Corresponding author: Bernard Escudier, MD, Department of Medicine, Institut Gustave Roussy, 39 Rue Camille Desmoulins, 94805 Villejuif, France; e-mail: escudier@igr.fr.

Purpose Mature survival data and evaluation of vascular endothelial growth factor (VEGF) as a prognostic biomarker from the Treatment Approaches in Renal Cancer Global Evaluation Trial (TARGET) study in patients with renal cell carcinoma (RCC) are reported.

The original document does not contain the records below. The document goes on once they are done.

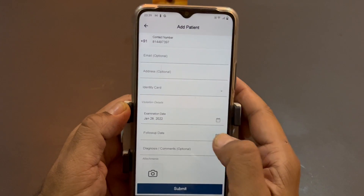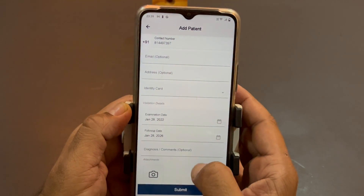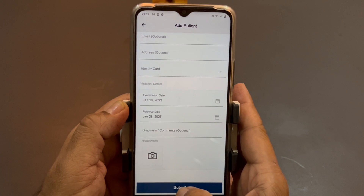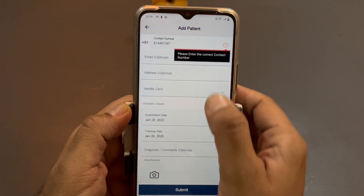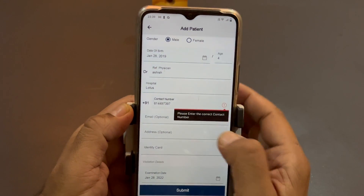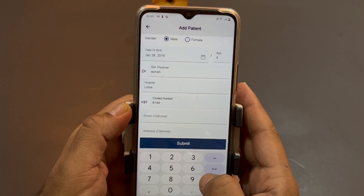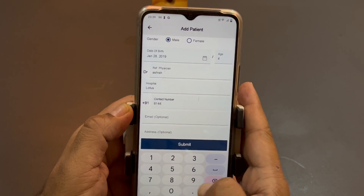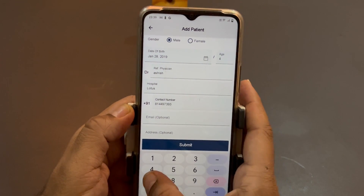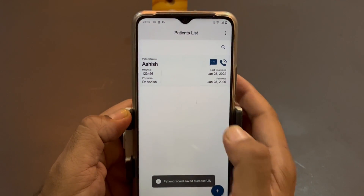Enter the examination date. Once you have filled all these data points, just submit it. The app validates the phone number — for example, it picked up that the number entered was correct. Now you can see the patient record is created.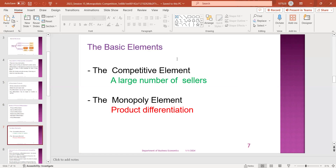As a seller, it is a monopolistic competition. The monopoly element is product differentiation. If you have product differentiation, it involves a large number of sellers. It is product differentiation.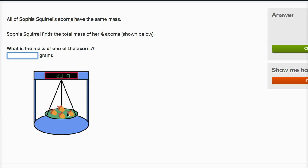Well, four times what is 20? Or 20 divided by four is what? Well, 20 divided by four is five. So five, 10, 15, 20. So if each of them are five grams, five grams times four is going to have a mass of 20 grams.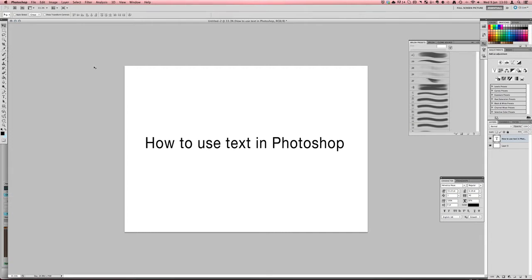Hello YouTube, I'm here from Blue Little Studios and in today's beginners Photoshop tutorial I'm going to be showing you how to use text in Photoshop.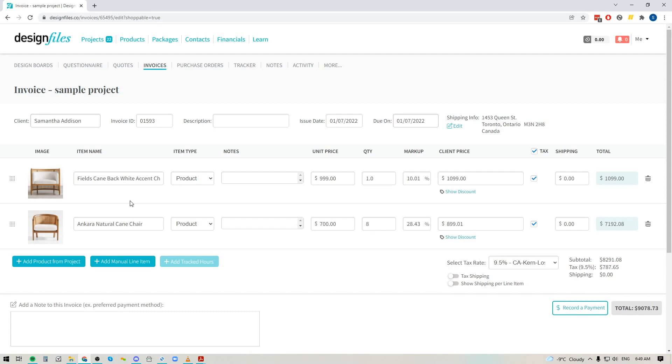So definitely jump into your Design Files account. Give this feature a try. It should really speed up the time that it takes you to complete a project if there's no real need for you to actually spend the time to put together the mood board in the first place. So definitely let us know your thoughts and thanks so much for watching.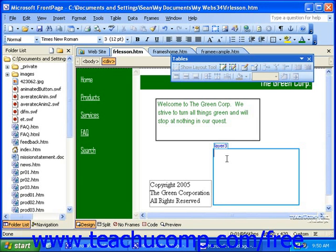You must have Netscape Navigator or Microsoft Internet Explorer 4.0 or later to view the PNG file type.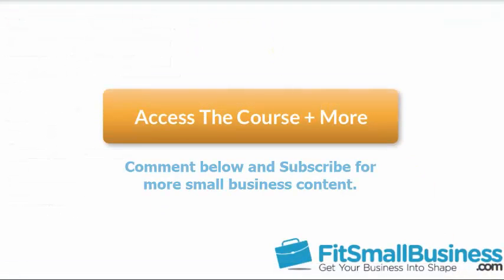That wraps up the lesson on how to manage downloaded banking transactions, also known as bank feeds, in QuickBooks Online. To access our full QuickBooks Online course or any of the other lessons in this series, click this link. You can also find a link below this video for a free 30-day trial of QuickBooks Online. If you have feedback about this course or if you have any questions, please leave a comment below. Also don't forget to subscribe.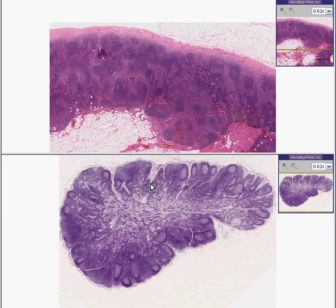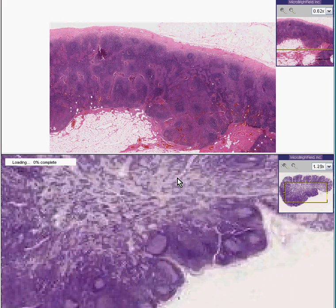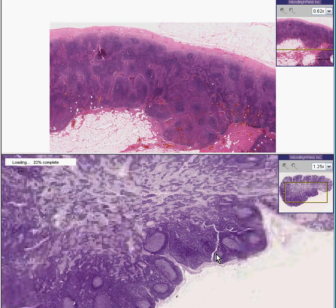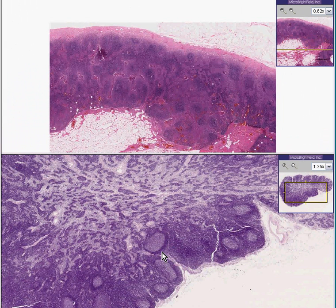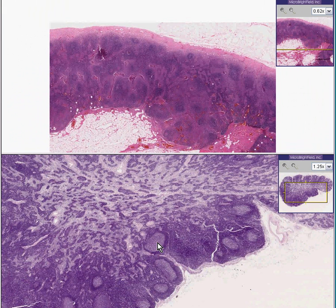Ladies and gentlemen, I direct your attention in the lower field to what I would call the world's most classically normal lymph node. You can see that the cortex of the lymph node chiefly contains secondary follicles in which you have germinal centers, which are lighter on the inside, and the mantle zone on the outside of lymphocytes which are darker. The reason why they're darker is that the lymphocytes on the inside have more cytoplasm relative to their nucleus.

Patients and Methods Nine hundred three previously treated patients were randomly assigned to receive sorafenib versus placebo. On demonstration of progression-free survival (PFS) benefit with sorafenib, patients assigned to placebo were offered sorafenib. Overall survival (OS) was determined at two planned interim analyses and one final analysis, with a secondary OS analysis conducted by censoring placebo patients who crossed over to sorafenib. The relationships between baseline VEGF level and prognosis and efficacy were evaluated.

Results The final OS of patients receiving sorafenib was comparable with that of patients receiving placebo (17.8 v 15.2 months, respectively; hazard ratio [HR] = 0.88; P = .146); however, when post–cross-over placebo survival data were censored, the difference became significant (17.8 v 14.3 months, respectively; HR = 0.78; P = .029). Adverse events at 16 months after cross over were similar to those previously reported. Baseline VEGF levels correlated with Eastern Cooperative Oncology Group performance status (P < .0001), Memorial Sloan-Kettering Cancer Center score (P < .0001), and PFS and OS in univariate (PFS, P = .0013; OS, P = .0009) and multivariate (PFS, P = .0231; OS, P = .0416) analyses of placebo patients and with short OS by multivariate analysis of patients receiving sorafenib (P = .0145). Both high-VEGF (P < .01) and low-VEGF (P < .01) groups benefited from sorafenib.

Conclusion Although an OS benefit was not seen on a primary intent-to-treat analysis, results of a secondary OS analysis censoring placebo patients demonstrated a survival advantage for those receiving sorafenib, suggesting an important cross-over effect. VEGF levels are prognostic for PFS and OS in RCC. The results of TARGET establish the efficacy and safety of sorafenib in advanced RCC.